The elderly, meanwhile, are
treated like detritus. Between 8 and 10 percent of American seniors were
reportedly abused last year, according to the National Center on Elder Abuse (NCEA), and for every case of abuse on record, the NCEA estimates between 14 and 24 others go unreported. A study conducted by De Montfort University
found that 61 percent of the elderly think society sees them as a
burden, while 57 percent think the media encourages the idea that older
people are a problem for society. Only a third feel their contribution
to society is properly recognized.
Still, even
Wolpe admits the pursuit of happiness may ultimately entail a pursuit of
a lot more time to be happy. The goal, he says, should be to seek out
“healthier living as we age...finding how we slow down the detrimental
aspects of aging. How do we keep people healthier longer and increase
the amount of time that they get to appreciate and enjoy life?” But
should our society be prepared for it, “if in the process of doing that
we also increase life span, that's fine,” he says.
Perhaps
the most worrying question that arises with the prospect of having
millions (and even billions) of multi-centenarians running around on
Earth is whether the planet can support this kind of growth. Current projections
suggest that the world’s population will rise from 7 billion today to
about 9 billion in 2050—at which point it will more or less level out.

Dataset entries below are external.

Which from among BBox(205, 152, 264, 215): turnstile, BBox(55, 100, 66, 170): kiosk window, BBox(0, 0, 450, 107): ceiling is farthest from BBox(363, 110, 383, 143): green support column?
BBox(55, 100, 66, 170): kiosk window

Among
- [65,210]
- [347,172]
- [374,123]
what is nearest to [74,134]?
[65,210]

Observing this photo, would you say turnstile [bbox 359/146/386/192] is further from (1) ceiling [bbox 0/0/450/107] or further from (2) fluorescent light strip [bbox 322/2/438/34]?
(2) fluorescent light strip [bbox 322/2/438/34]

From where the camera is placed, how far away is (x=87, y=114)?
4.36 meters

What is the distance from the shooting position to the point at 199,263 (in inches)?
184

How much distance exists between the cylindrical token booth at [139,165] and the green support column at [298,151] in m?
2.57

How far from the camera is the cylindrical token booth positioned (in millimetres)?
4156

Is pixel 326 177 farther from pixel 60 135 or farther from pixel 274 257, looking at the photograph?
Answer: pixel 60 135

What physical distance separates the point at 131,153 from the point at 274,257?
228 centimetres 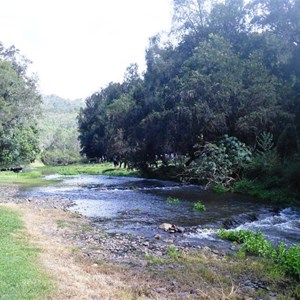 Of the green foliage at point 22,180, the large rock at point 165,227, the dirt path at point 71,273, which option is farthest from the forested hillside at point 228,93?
the dirt path at point 71,273

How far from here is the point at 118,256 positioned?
1188cm

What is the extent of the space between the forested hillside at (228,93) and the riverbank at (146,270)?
52.2ft

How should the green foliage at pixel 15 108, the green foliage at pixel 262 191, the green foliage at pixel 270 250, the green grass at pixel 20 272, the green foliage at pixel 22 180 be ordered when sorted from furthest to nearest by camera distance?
the green foliage at pixel 15 108 → the green foliage at pixel 22 180 → the green foliage at pixel 262 191 → the green foliage at pixel 270 250 → the green grass at pixel 20 272

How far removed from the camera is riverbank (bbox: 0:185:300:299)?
8625 millimetres

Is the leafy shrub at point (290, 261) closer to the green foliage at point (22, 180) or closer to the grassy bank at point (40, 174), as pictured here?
the green foliage at point (22, 180)

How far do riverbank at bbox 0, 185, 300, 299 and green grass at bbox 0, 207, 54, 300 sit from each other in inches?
13.2

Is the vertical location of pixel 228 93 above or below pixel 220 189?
above

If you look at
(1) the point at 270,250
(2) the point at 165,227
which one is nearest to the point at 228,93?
(2) the point at 165,227

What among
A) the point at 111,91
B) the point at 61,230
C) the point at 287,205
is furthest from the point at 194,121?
the point at 111,91

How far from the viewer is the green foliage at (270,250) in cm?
1013

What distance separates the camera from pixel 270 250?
11.9 metres

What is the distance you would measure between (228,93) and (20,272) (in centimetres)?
3004

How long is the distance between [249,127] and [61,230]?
23.3 meters

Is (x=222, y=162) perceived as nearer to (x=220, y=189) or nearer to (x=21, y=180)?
(x=220, y=189) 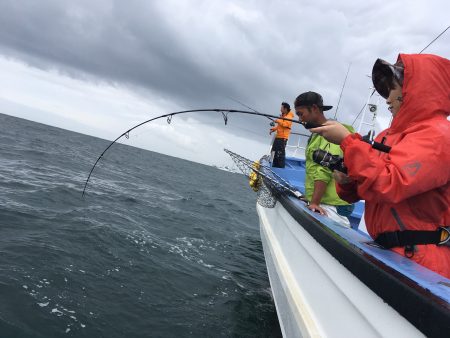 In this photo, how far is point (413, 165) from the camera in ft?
5.30

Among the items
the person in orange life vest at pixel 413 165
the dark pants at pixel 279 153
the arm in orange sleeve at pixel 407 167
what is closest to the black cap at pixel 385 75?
the person in orange life vest at pixel 413 165

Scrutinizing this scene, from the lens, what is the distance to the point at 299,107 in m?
3.64

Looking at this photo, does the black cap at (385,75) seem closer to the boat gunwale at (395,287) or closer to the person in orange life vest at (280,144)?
the boat gunwale at (395,287)

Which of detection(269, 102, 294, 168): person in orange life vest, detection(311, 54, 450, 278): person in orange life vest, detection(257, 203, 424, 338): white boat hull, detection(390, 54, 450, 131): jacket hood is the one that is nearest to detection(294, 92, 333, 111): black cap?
detection(257, 203, 424, 338): white boat hull

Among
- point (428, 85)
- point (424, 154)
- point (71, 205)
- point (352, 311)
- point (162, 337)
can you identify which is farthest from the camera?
point (71, 205)

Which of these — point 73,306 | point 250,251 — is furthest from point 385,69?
point 250,251

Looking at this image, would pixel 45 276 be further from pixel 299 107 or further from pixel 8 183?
pixel 8 183

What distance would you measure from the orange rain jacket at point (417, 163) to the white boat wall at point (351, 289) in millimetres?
220

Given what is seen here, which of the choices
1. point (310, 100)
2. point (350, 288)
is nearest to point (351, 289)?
point (350, 288)

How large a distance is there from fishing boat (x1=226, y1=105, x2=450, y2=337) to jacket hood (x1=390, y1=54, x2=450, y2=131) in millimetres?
804

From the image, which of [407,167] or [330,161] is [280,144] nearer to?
[330,161]

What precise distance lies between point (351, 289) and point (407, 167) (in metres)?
0.81

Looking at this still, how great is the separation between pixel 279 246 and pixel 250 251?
5.15m

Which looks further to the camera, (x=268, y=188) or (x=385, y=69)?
(x=268, y=188) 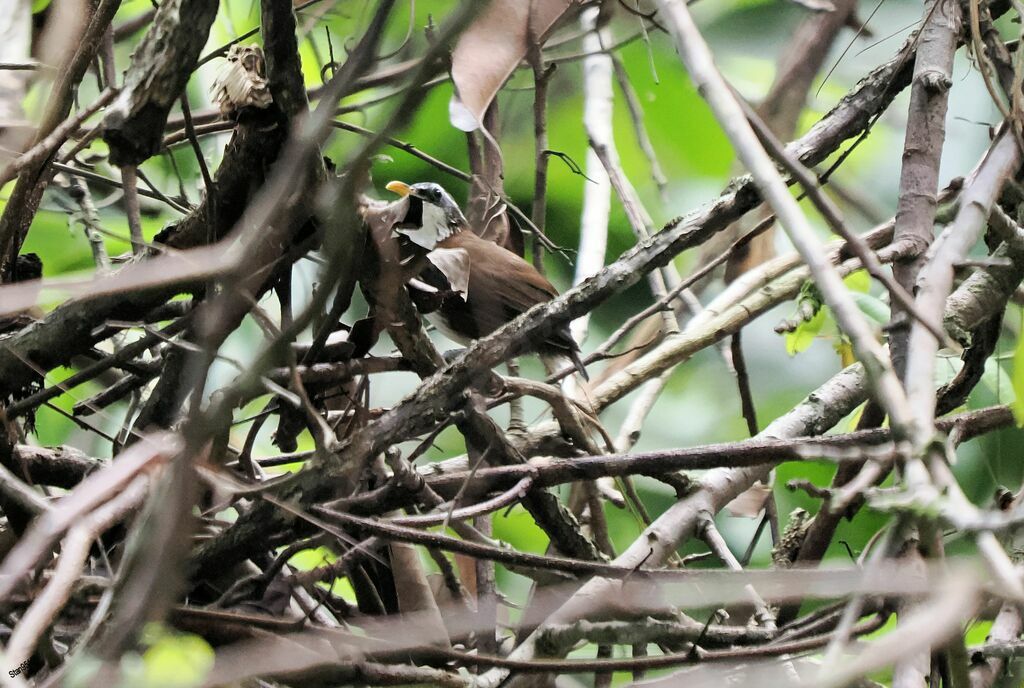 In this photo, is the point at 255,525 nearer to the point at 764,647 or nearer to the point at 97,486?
the point at 97,486

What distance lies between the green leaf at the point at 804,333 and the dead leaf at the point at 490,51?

And abundant concerns have already been raised about what all these
billions of people will do for work, not to mention where they will get
safe drinking water and the food necessary to live healthily. But those
forecasts don’t consider the possibility that we’ll stop dying. If we
do, the next generation of innovative health-tech entrepreneurs will
face perhaps an even greater challenge: redesigning the planet to
accommodate its massive population of Humans 2.0.